A packed Apple store in China.

Image source: Apple.

Investors are particularly intrigued by Apple’s strong cash flow. Trailing-12-month free cash flow, or cash from operations less capital expenditures, is about $72 billion, partly justifying Apple’s valuation.

Still, investors should note that there is currently very little margin of safety built into Apple stock’s price. With a price-to-earnings ratio of 38, the tech stock’s valuation already prices in years of more strong, double-digit earnings-per-share growth similar to levels seen in fiscal Q3.

While Apple stock doesn’t seem overvalued today, it also doesn’t look like a particularly attractive buy at its current valuation.

Is Tesla stock a buy?

If you thought Apple stock’s valuation looked expensive, Tesla’s valuation is out of this world. The company currently has a market capitalization of $413 billion despite reporting trailing-12-month free cash flow of just $800 million. What about Tesla’s price-to-earnings ratio? It’s at 1,145 today.

Vehicle production at Tesla's factory in Fremont, California.
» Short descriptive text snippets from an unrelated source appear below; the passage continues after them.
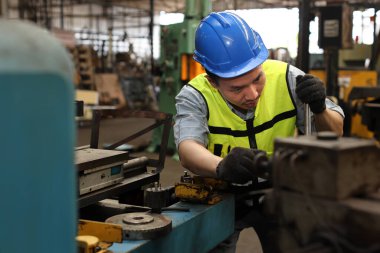 Koruma üniformalı mühendis veya işçi ayakta ve onarım veya ağır sanayi imalat fabrikasında güvenlik başlığı ile endüstri makine süreci kontrol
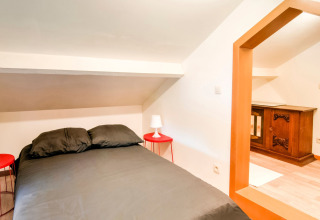 Bedroom with black bedding, sloped ceiling, two red nightstands and wooden cabinet at a Belgian lodge.
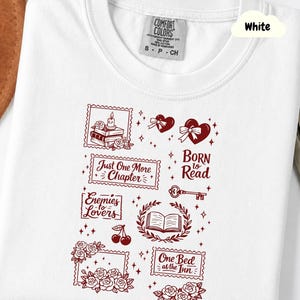 Peut inclure: T-shirt blanc à col rond et manches courtes. Le t-shirt présente des illustrations rouges de cœurs, de livres, de roses et les phrases "Born to Read", "Just One More Chapter" et "Enemies to Lovers".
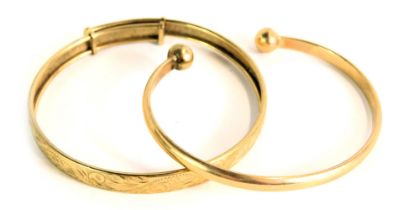 A 9ct gold torc bangle, 16.1g, and an unmarked yellow metal bangle, with sliding scale, 7.9g. (2)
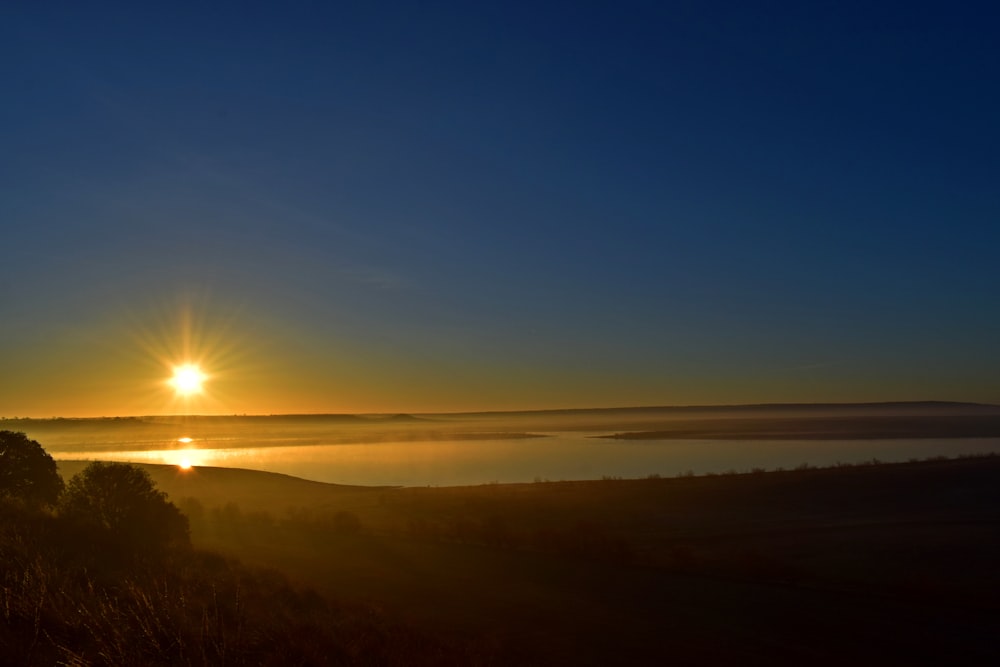 sun setting over the mountains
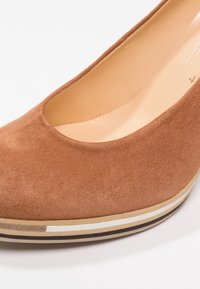 Escarpin en suède marron à bout arrondi, avec une semelle extérieure striée en couches beige, marron et blanche. Doublure intérieure lisse.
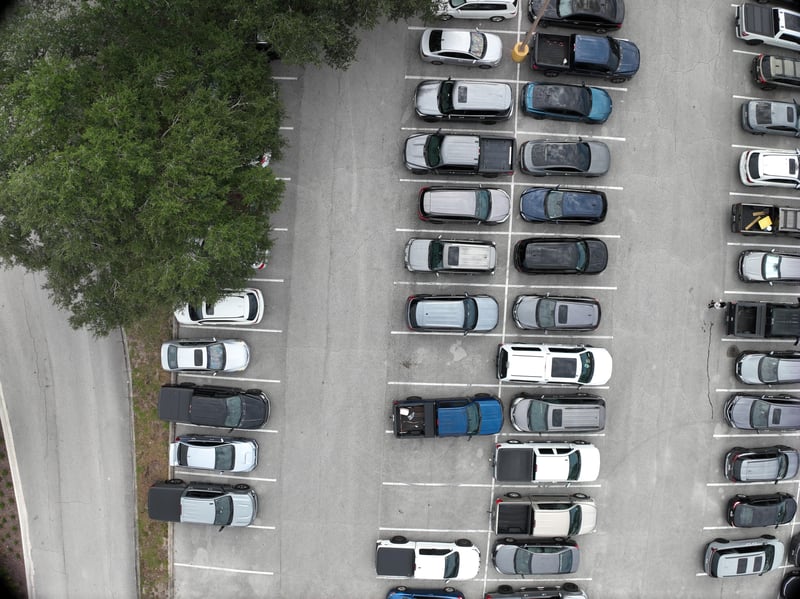 Aerial view of parking lot and tree canopy at 9406 Atlantic Blvd, Jacksonville, FL 32225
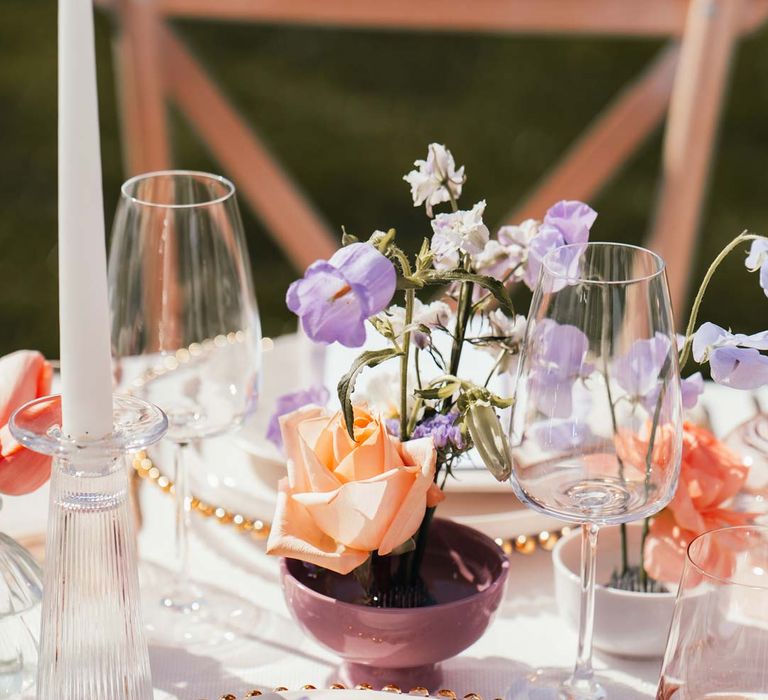 Peach garden rose and lilac sweet pea wedding table centrepieces in small round ceramic pots with gold crockery and tinted glassware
Image source: The Motley Fool.

Of course, the big difference between Tesla and Apple is the electric-car maker’s growth prospects. On average, analysts expect Tesla’s revenue to jump 38% in 2021 — and that would be on top of a projected 21% bump to the automaker’s top line in 2020. The consensus analyst estimate for Tesla’s bottom line is even more extraordinary. As the company achieves greater economies of scale and flexes its operating leverage, analysts expect that Tesla’s adjusted earnings per share will rise from $0.20 in 2019 to $8.72 in 2020 and $15.65 in 2021.

Further, Tesla is only at the tip of the iceberg in terms of market opportunity. The automaker is expected to sell only 500,000 vehicles this year — and global electric vehicle sales from all auto manufactures are anticipated to come in at about 1.7 million, according to BloombergNEF. Meanwhile, global auto sales, including all types of vehicles, are expected to be about 70.3 million in 2020. Tesla’s addressable market is huge, to say the least.

Nevertheless, it’s becoming increasingly difficult to rationalize Tesla stock’s valuation. In order to make its stock a buy at these levels, the company will need to continue growing electric vehicle sales at rates of around 25% to 35% annually over the next five to 10 years while also succeeding in more speculative areas like self-driving and the launch of an autonomous ridesharing network — two areas in which Tesla eventually hopes to lead.

But given how uncertain these outcomes are, investors should proceed with caution when it comes to buying the stock at this level. If vehicle delivery growth decelerates meaningfully, or if management’s speculative forays into self-driving vehicles and ridesharing don’t pan out, Tesla shares could prove to be significantly overpriced today.